O Procedimento Processual e a Legitimidade Exclusiva do Ministério Público
A condução das ações judiciais por improbidade administrativa também sofreu modificações profundas. A principal mudança processual diz respeito à legitimidade ativa para a propositura da ação.
Antes da reformulação, tanto o Ministério Público quanto a pessoa jurídica interessada (o ente público lesado) podiam ajuizar a Ação Civil Pública de Improbidade. Com a alteração promovida pela Lei nº 14.230/2021, a legitimidade tornou-se exclusiva do Ministério Público. As pessoas jurídicas lesadas agora atuam como assistentes ou podem buscar o ressarcimento dos danos por meio de ação civil comum de reparação.

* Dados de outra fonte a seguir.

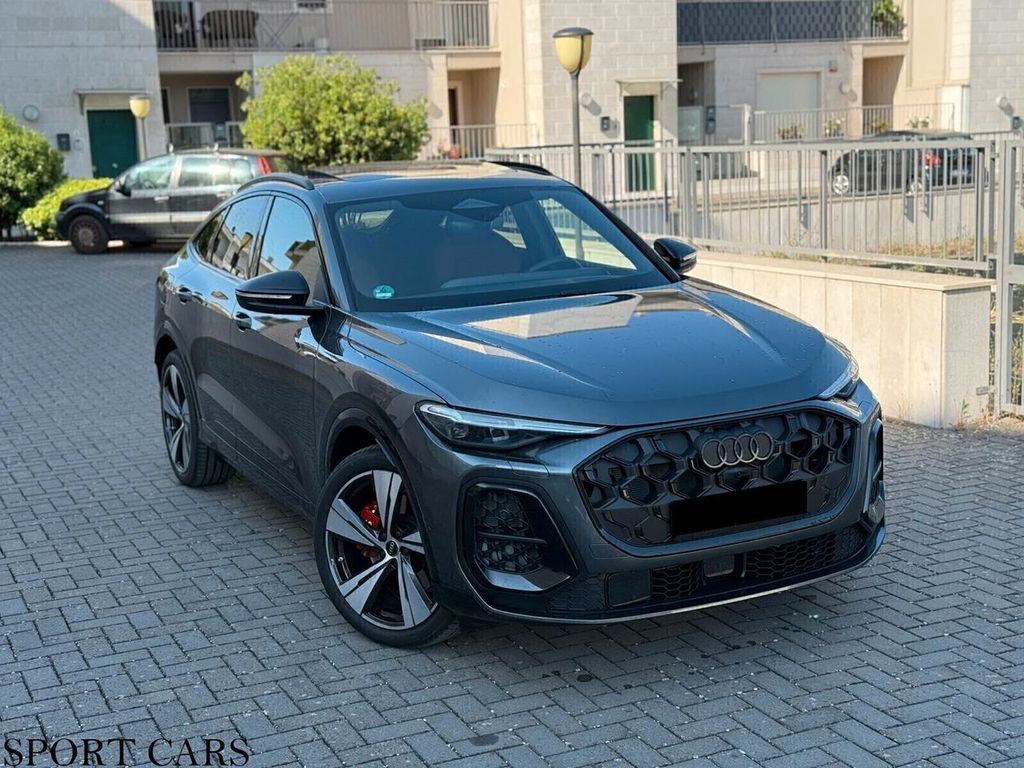 Audi Q5 2025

Acordo de Não Persecução Cível (ANPC)
Outra inovação marcante no campo processual foi a regulamentação do Acordo de Não Persecução Cível (ANPC). O Ministério Público pode, desde que preenchidos os requisitos legais, celebrar acordo com o autor do fato ilícito, evitando o prosseguimento da demanda judicial.
Para a celebração do ANPC, exige-se, no mínimo:
- O integral ressarcimento do dano causado ao erário;
- A reversão à pessoa jurídica lesada da vantagem patrimonial indevida obtida;
- A concordância com o pagamento da multa civil e aplicação de sanções proporcionais.
Regras de Prescrição
O regime prescricional da Lei nº 8.429/92 foi totalmente unificado. No texto original, o prazo variava de acordo com a natureza do cargo ou mandato do agente. Atualmente, aplica-se uma regra uniforme:
O prazo prescricional para a instauração da ação de improbidade administrativa é de 8 (oito) anos, contados a partir da data em que o fato foi praticado ou, no caso de infrações permanentes, do dia em que cessou a permanência.
A lei prevê também hipóteses de interrupção da prescrição (como o ajuizamento da ação ou a citação do réu). Quando interrompida, a prescrição recomeça a correr pela metade do prazo (prescrição intercorrente de 4 anos), demandando maior celeridade da Justiça no julgamento dos processos.
Considerações Finais
A Lei de Improbidade Administrativa (Lei nº 8.429/92) permanece como um instrumento de valor inestimável para a proteção do patrimônio e da moralidade pública no Brasil. As recentes atualizações introduzidas pela Lei nº 14.230/2021 buscaram aperfeiçoar o sistema, eliminando excessos punitivos e conferindo maior segurança jurídica aos bons gestores públicos, sem afastar a rigorosa punição àqueles que comprovadamente agem de má-fé com a intenção de lesar o Estado.
Compreender o alcance da norma, os limites da responsabilidade dos agentes públicos e a necessidade do preenchimento do elemento doloso é essencial para advogados, servidores e administradores que buscam atuar dentro dos parâmetros da estrita legalidade e da ética governamental.